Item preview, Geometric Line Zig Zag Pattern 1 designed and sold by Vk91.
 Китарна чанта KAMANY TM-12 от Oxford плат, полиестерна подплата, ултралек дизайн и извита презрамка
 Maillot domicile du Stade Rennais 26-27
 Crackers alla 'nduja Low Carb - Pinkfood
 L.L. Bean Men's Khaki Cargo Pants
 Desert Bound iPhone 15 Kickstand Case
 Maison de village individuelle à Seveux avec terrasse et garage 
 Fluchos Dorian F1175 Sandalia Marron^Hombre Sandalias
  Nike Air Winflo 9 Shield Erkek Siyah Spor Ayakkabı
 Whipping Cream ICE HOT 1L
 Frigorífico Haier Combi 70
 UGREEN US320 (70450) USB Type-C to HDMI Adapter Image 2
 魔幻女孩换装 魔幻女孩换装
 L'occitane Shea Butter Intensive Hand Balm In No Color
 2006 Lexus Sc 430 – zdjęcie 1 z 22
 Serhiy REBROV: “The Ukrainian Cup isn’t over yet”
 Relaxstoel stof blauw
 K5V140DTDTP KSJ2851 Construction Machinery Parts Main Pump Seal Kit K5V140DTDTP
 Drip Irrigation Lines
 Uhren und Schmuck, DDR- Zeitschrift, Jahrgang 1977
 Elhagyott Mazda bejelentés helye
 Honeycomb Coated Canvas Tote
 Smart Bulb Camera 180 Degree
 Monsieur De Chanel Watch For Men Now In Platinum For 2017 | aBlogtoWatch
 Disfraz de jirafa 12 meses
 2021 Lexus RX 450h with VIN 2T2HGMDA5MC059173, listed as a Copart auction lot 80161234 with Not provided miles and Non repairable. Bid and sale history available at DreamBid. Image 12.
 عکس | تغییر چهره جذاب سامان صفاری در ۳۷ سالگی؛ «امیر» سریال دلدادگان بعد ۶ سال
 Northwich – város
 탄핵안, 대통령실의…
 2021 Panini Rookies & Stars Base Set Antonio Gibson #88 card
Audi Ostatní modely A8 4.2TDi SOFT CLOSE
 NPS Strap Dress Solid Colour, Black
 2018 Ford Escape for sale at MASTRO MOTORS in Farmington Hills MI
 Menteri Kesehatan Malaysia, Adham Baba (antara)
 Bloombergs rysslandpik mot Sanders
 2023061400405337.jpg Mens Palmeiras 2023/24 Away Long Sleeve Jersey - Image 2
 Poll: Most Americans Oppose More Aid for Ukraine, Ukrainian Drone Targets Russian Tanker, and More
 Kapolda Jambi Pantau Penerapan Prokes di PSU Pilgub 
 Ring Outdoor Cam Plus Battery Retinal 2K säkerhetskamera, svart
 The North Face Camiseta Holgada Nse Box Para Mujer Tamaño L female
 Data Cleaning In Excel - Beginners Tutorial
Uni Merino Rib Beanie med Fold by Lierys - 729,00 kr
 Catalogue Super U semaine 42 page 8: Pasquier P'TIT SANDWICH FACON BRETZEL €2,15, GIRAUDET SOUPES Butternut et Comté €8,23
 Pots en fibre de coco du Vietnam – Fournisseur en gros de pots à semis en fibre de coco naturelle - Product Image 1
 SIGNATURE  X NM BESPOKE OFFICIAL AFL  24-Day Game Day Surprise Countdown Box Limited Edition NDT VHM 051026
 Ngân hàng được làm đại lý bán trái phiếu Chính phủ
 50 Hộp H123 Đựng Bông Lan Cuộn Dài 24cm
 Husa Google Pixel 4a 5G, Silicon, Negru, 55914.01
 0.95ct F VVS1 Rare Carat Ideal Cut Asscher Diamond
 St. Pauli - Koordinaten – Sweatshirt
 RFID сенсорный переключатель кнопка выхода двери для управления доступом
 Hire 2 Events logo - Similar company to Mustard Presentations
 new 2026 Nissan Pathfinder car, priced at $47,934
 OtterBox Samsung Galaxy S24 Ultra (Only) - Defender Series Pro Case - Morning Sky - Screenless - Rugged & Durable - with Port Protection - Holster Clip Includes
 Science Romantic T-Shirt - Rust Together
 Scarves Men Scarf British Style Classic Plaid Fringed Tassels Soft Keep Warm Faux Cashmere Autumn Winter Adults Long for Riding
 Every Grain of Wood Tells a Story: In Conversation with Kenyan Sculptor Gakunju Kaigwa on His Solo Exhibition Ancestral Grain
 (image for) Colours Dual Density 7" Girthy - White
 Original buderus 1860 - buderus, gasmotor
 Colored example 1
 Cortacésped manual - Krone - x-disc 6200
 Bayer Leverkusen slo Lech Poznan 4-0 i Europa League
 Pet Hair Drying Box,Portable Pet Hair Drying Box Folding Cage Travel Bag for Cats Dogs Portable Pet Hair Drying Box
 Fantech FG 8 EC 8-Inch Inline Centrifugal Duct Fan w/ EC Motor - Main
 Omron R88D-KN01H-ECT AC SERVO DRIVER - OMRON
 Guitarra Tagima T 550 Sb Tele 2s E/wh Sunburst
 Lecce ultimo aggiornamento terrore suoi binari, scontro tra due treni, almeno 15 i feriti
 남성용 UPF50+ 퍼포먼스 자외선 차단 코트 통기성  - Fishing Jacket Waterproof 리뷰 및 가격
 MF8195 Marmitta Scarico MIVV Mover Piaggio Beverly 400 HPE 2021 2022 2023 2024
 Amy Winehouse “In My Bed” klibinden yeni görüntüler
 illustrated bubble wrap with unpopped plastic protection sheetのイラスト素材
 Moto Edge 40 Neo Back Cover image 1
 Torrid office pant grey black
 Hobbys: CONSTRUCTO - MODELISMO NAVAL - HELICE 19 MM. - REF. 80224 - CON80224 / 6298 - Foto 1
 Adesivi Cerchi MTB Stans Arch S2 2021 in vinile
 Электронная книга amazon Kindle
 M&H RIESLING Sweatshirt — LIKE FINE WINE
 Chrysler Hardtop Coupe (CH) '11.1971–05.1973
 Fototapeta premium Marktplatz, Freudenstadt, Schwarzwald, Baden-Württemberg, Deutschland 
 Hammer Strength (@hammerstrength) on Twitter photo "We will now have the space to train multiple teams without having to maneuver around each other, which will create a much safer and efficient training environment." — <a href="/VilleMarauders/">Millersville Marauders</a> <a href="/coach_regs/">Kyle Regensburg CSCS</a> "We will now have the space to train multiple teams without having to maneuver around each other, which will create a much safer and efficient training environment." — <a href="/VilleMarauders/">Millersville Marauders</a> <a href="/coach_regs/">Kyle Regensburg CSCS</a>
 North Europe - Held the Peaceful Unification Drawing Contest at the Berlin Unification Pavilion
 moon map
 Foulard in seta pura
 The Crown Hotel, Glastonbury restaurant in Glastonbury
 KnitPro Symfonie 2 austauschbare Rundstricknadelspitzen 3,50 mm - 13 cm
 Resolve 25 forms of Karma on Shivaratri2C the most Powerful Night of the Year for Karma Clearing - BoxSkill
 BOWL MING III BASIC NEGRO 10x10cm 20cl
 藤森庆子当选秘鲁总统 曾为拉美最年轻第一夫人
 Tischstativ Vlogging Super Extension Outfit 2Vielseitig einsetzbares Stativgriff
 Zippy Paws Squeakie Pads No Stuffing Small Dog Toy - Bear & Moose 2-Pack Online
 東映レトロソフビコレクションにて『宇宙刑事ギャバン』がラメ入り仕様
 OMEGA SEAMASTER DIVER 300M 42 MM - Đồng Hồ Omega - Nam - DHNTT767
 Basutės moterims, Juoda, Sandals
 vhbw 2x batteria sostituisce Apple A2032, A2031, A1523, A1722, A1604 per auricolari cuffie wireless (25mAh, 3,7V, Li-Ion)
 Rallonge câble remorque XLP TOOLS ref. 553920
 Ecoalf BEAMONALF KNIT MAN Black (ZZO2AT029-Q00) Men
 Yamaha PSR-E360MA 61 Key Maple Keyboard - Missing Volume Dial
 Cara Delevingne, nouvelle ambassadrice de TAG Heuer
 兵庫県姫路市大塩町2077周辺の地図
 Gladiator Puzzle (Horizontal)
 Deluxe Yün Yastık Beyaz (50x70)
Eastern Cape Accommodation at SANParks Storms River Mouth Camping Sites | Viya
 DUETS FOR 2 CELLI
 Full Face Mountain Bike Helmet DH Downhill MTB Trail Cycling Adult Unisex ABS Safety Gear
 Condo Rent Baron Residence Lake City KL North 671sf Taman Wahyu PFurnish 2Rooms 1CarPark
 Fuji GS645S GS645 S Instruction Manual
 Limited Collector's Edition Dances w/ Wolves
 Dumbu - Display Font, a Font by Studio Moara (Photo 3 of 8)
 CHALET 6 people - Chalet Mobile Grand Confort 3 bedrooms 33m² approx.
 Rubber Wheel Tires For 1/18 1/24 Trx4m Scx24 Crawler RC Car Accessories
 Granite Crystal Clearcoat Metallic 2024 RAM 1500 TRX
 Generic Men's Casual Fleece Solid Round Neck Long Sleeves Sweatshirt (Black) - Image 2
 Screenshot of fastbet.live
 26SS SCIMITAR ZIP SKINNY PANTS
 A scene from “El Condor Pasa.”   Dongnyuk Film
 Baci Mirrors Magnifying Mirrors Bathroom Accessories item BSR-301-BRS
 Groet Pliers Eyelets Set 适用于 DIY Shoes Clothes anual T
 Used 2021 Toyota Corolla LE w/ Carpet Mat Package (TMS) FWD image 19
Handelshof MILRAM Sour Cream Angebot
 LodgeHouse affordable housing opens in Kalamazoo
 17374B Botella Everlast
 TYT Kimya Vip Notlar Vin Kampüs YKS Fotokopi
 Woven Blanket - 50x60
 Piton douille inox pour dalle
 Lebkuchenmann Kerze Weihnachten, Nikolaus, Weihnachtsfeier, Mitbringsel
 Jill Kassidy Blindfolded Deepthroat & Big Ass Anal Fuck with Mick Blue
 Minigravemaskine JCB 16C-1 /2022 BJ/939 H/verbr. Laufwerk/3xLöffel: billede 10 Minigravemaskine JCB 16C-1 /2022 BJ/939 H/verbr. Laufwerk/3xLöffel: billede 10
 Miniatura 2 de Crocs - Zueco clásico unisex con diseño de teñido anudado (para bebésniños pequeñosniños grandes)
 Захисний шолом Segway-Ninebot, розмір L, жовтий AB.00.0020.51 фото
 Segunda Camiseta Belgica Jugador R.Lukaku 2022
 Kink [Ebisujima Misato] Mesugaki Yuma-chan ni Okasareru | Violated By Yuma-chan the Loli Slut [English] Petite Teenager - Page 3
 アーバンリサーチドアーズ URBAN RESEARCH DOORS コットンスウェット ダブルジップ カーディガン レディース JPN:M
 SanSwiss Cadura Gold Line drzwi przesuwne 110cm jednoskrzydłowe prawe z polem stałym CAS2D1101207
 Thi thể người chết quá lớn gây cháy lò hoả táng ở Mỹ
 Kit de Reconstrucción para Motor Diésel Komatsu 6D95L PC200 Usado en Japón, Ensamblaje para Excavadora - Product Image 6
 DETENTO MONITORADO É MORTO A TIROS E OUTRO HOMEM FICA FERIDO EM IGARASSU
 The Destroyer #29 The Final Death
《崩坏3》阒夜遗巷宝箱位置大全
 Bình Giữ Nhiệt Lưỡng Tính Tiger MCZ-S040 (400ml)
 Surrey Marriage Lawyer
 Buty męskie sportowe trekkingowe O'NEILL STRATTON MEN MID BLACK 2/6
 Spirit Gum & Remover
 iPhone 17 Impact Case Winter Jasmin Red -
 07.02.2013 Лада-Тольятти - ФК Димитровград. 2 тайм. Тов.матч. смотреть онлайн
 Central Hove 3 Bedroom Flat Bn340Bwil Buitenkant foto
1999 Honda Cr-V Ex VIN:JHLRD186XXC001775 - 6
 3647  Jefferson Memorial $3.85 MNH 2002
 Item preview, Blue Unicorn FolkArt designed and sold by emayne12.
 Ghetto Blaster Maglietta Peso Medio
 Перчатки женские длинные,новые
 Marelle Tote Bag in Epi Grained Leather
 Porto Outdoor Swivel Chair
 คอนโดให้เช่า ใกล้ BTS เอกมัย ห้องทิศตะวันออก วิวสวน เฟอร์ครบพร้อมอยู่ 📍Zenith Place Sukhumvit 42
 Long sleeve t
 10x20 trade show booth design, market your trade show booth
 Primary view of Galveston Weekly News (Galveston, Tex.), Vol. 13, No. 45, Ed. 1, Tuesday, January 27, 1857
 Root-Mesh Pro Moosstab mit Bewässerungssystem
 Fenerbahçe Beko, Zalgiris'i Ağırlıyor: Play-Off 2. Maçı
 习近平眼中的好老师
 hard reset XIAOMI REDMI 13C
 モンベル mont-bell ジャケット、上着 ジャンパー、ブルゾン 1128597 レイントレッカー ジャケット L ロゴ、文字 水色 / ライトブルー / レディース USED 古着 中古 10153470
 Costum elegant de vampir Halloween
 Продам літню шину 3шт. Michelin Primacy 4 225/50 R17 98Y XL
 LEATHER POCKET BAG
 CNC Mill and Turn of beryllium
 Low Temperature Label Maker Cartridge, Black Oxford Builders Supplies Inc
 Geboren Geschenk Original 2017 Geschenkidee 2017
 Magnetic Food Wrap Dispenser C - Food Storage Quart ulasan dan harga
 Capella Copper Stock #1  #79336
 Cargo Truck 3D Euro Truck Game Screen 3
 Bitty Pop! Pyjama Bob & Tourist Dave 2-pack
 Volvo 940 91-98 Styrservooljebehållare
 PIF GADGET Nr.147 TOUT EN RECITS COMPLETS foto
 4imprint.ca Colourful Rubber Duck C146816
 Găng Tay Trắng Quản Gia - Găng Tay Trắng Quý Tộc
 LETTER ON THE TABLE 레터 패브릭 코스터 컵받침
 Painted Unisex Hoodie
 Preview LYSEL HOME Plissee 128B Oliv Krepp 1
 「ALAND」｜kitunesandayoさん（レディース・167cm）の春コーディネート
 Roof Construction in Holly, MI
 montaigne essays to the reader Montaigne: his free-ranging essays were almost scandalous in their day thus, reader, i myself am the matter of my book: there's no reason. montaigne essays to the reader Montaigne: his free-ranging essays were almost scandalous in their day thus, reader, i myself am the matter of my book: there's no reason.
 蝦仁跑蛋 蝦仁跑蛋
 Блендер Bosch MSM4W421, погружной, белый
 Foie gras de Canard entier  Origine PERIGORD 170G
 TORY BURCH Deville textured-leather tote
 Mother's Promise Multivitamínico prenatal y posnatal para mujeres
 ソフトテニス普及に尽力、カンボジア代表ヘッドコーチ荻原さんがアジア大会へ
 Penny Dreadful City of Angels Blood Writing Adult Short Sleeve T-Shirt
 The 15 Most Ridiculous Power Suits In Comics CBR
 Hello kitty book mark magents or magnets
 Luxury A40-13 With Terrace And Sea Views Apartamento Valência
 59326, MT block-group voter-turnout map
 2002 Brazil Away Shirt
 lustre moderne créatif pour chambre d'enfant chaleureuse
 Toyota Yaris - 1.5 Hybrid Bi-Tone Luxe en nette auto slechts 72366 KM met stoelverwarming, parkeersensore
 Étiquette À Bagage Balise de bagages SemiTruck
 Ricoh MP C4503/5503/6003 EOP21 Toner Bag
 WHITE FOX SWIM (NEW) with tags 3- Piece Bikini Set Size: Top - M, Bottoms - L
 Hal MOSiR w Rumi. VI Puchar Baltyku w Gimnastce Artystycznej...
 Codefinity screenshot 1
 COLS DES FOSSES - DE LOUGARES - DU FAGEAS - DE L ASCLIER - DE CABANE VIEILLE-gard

### TASK INSTRUCTIONS
Please return the lines above that run from the line containing "Chrysler Hardtop Coupe (CH) '11.1971–05.1973" to the line containing "Schwarzwald, Baden-Württemberg, Deutschland", inclusive, exactly and with no other lines.

### EXERCISE ANSWER
 Chrysler Hardtop Coupe (CH) '11.1971–05.1973
 Fototapeta premium Marktplatz, Freudenstadt, Schwarzwald, Baden-Württemberg, Deutschland 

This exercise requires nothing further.